Kegiatan ini dihadiri oleh pengasuh, para wakil pengasuh, para umana’ putra, dan seluruh santri putra baik pusat maupun cabang. ikut hadir juga beberapa elemen yang termasuk keluarga besar ponpes sukorejo. Pertama alumni ponpes sukorejo se-tapal kuda Situbondo, Bondowoso, Jember, dan Banyuwangi. Kedua wali santri se-tapal kuda. Ketiga simpatisan se-tapal kuda juga. Para pedagang pun juga ikut menyemarakkan suasana, baik di komplek masjid maupun di sepanjang jalan menuju masjid.

BACA JUGA :  Forum Piramida Menggelar Diskusi Ilmiyah
BhasaFM
Suasana saat pengajian Jum’at manis (foto: reporter Dakwah)

K.H.R. Ahmad A’zaim Ibrahimy, selaku pengasuh ponpes sukorejo dalam tausiyahnya menyampaikan beberapa hal, pertama agar supaya selalu meningkatkan iman dan taqwa di tahun baru hijriyah 1441 ini, karena mengingat usia umat islam itu diibaratkan waktu antara sholat maghrib dan sholat isya’, tentunya sangat singkat sekali bila dibandingkan dengan usia dari umat para nabi terdahulu. Kedua para alumni ketika hadir ke ponpes sukorejo silaturrahim dengan para santri aktif diharapkan menceritakan hal-hal yang positif, semisal tentang ketaatannya ketika menjadi santri, sehingga bisa menjadi teladan yang baik.

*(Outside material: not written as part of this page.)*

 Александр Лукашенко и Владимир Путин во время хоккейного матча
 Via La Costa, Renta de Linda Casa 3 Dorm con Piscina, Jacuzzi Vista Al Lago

Selain pembacaan istighosah, kegiatan malam jum’at manis juga diisi dengan pembacaan maulid al berjanzi, pembacaan tahlil, lalu ditutup dengan pembacaan do’a. Setelah pembacaan do’a berakhir, para hadirin selain santri diperbolehkan acabis, bersalaman dengan pengasuh, tentunya tetap didampingi keamanan ponpes sukorejo, dan beberapa anggota pelopor, dalam rangka menjaga ketertiban.